Silicon Valley Photovoltaics Society monthly meeting (SVPVS)

EPRI recently completed a study to identify and evaluate the technical and economic viability of solar augmentation options for both coal and natural gas steam cycle plant designs. This was the first study to comprehensively evaluate several solar technologies and integration options for a range of fossil technologies.

"Solar Thermal Hybrid Applications", Cara Libby, EPRI.

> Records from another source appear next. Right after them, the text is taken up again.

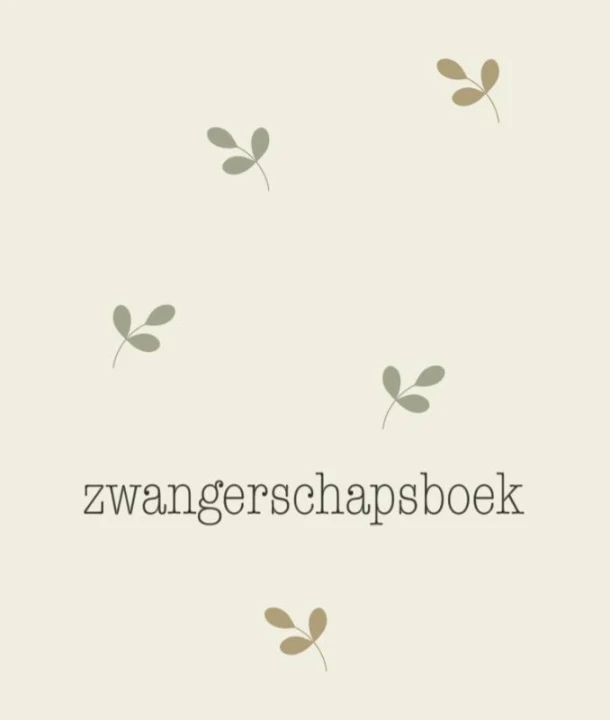 Zwangerschpasboek Smoke groen – Jacqueline Pieterson – boek cover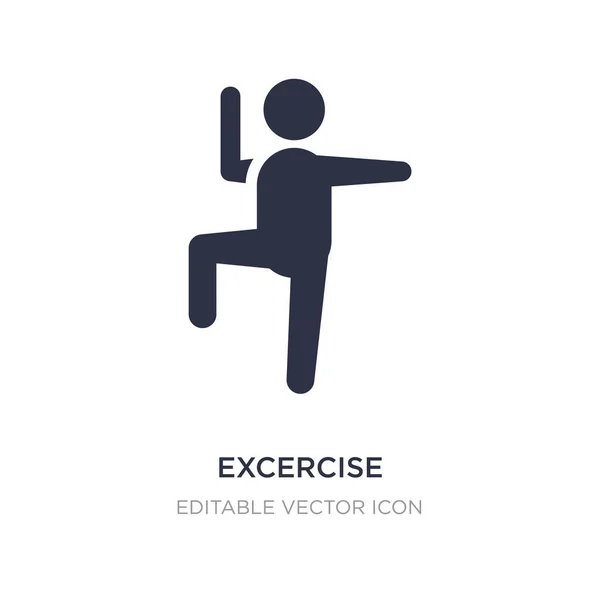 Excercise icon on white background. Simple element illustration — Stock Vector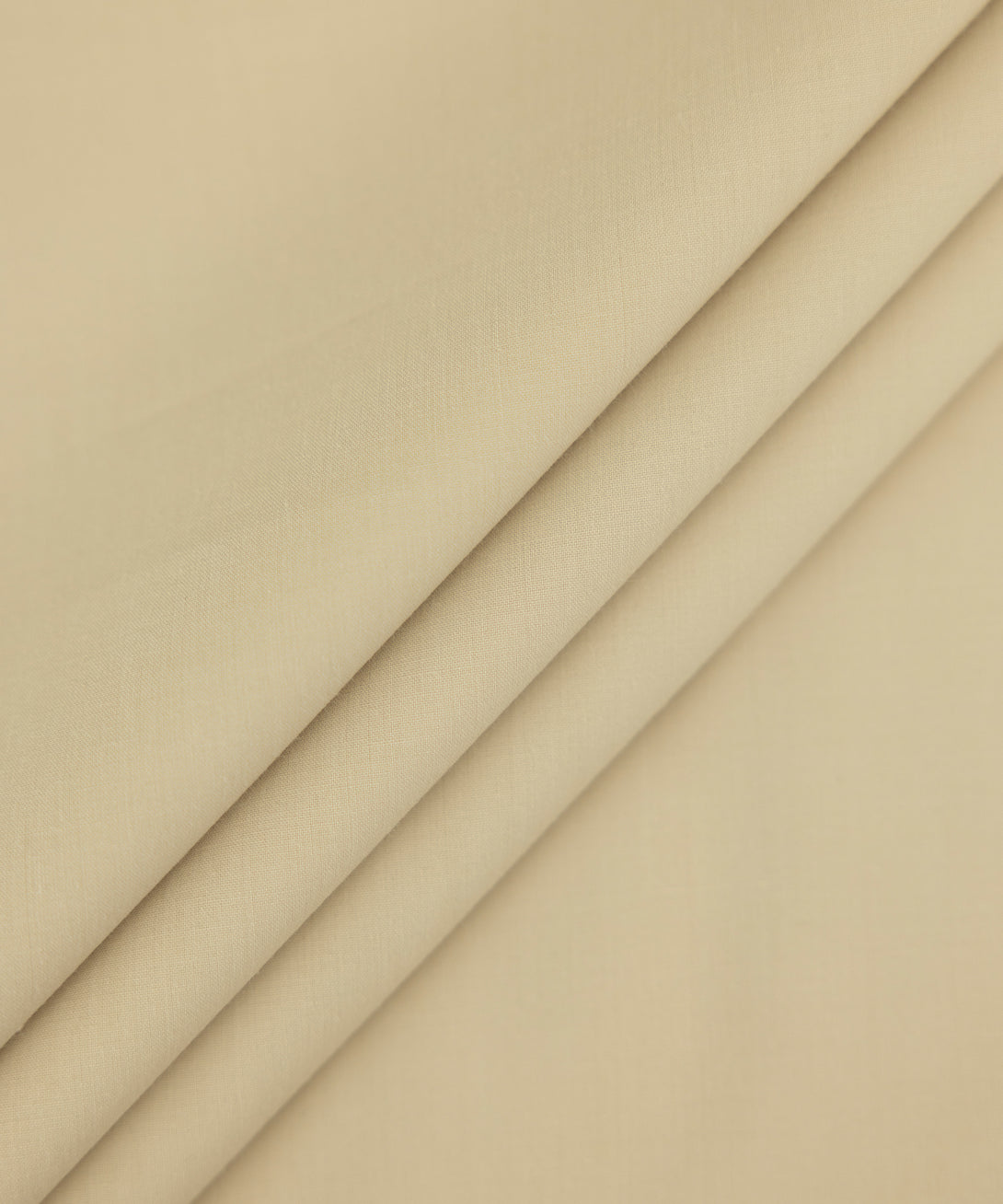 Men Unstitched Blended Beige Full Suit Fabric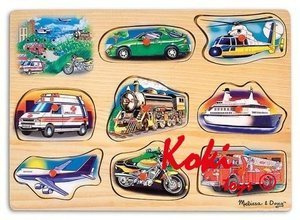 MELISSA Puzzle dźwiękowe pojazdy 10267M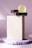 A serene bathroom setting with natural soaps displayed elegantly.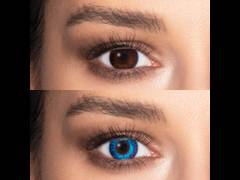Lentilles de contact effet naturel Bleu Brilliant Blue - Air Optix (2 lentilles)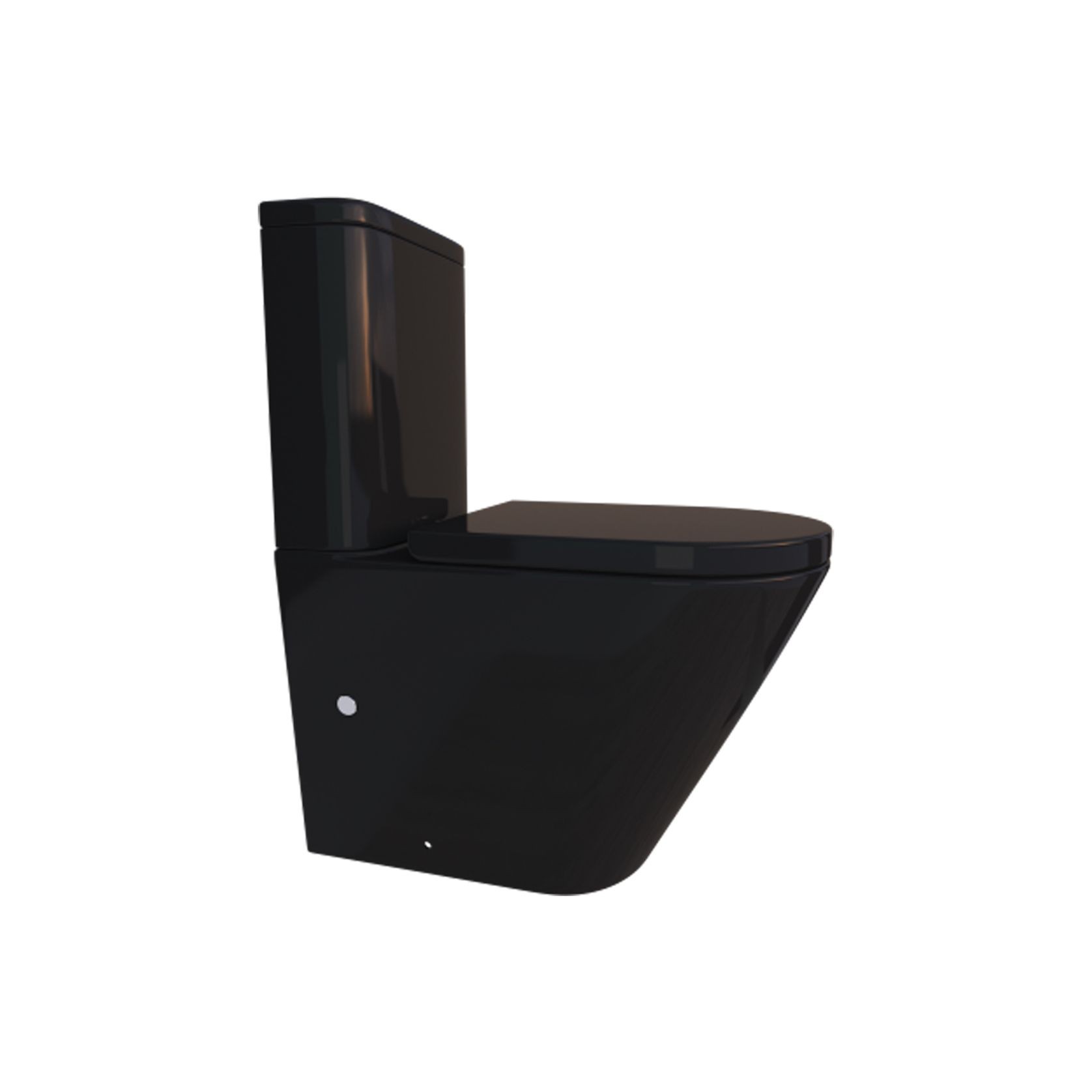 Snubby Gloss Black Toilet Suite gallery detail image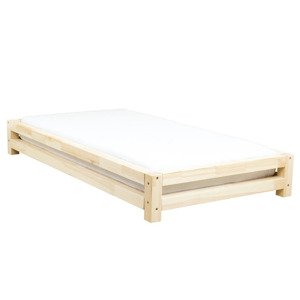 Benlemi Jednolůžková postel JAPA Zvolte barvu: Transparentní vosková lazura matná, Rozměr: 90 x 200 cm
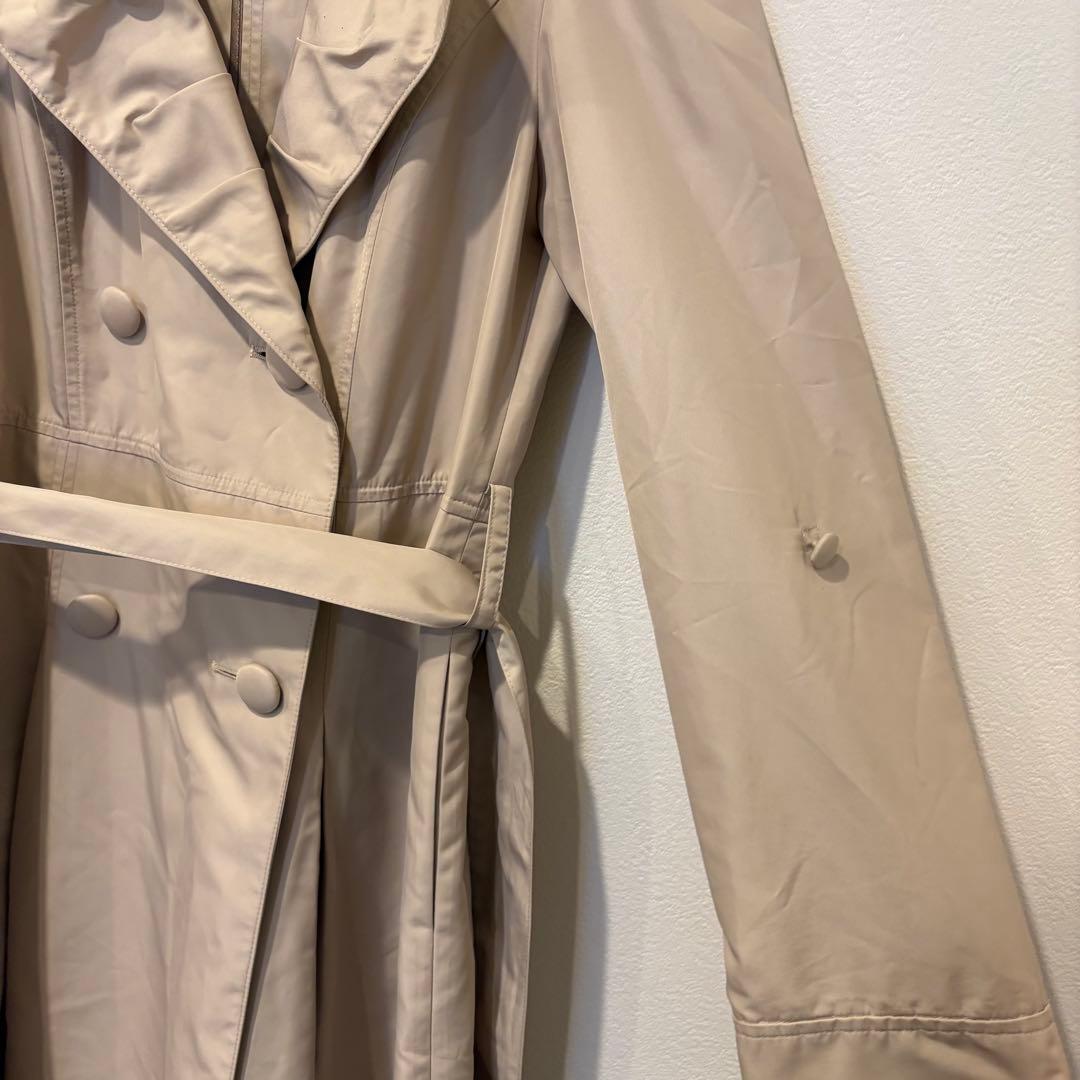 ルジュール トレンチコート ベルト付き ベージュ 36 S ロング きれいめ 4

As fossil fuel prices rise and emission allowances are implemented, solar augmented steam cycles might be an attractive option for energy companies. The system utilizes steam generated by a solar field in a conventional coal -powered steam cycle, offsetting some of the fossil fuel required to generate power. Many energy companies are interested in adding solar power to their generating mix, but today most solar applications are not cost-competitive with other power generating options. Solar augmentation potentially is the lowest cost option for adding solar power to the generation fleet. The highest intensity solar energy typically is within a few hours of peak summer loads, making it a particularly attractive renewable option.
The Electric Power Research Institute (EPRI) recently completed a study to identify and evaluate the technical and economic viability of solar augmentation options for both coal and natural gas steam cycle plant designs. This was the first study to comprehensively evaluate several solar technologies and integration options for a range of fossil technologies. The study consisted of a broad conceptual design analysis and four detailed plant case studies. Detailed heat and mass balance models were developed to screen and evaluate various solar steam integration schemes. Development guidelines were prepared for two coal plants located in New Mexico and North Carolina and two natural gas combined cycle plants in Nevada and Arizona. The guidelines include a detailed analysis of siting requirements, plant cycling limitations, plant controls, reliability considerations, operations and maintenance requirements, regulatory and environmental permits, and construction and commissioning schedules. An economic model was developed to estimate the benefit-cost of adding a solar field to an existing plant.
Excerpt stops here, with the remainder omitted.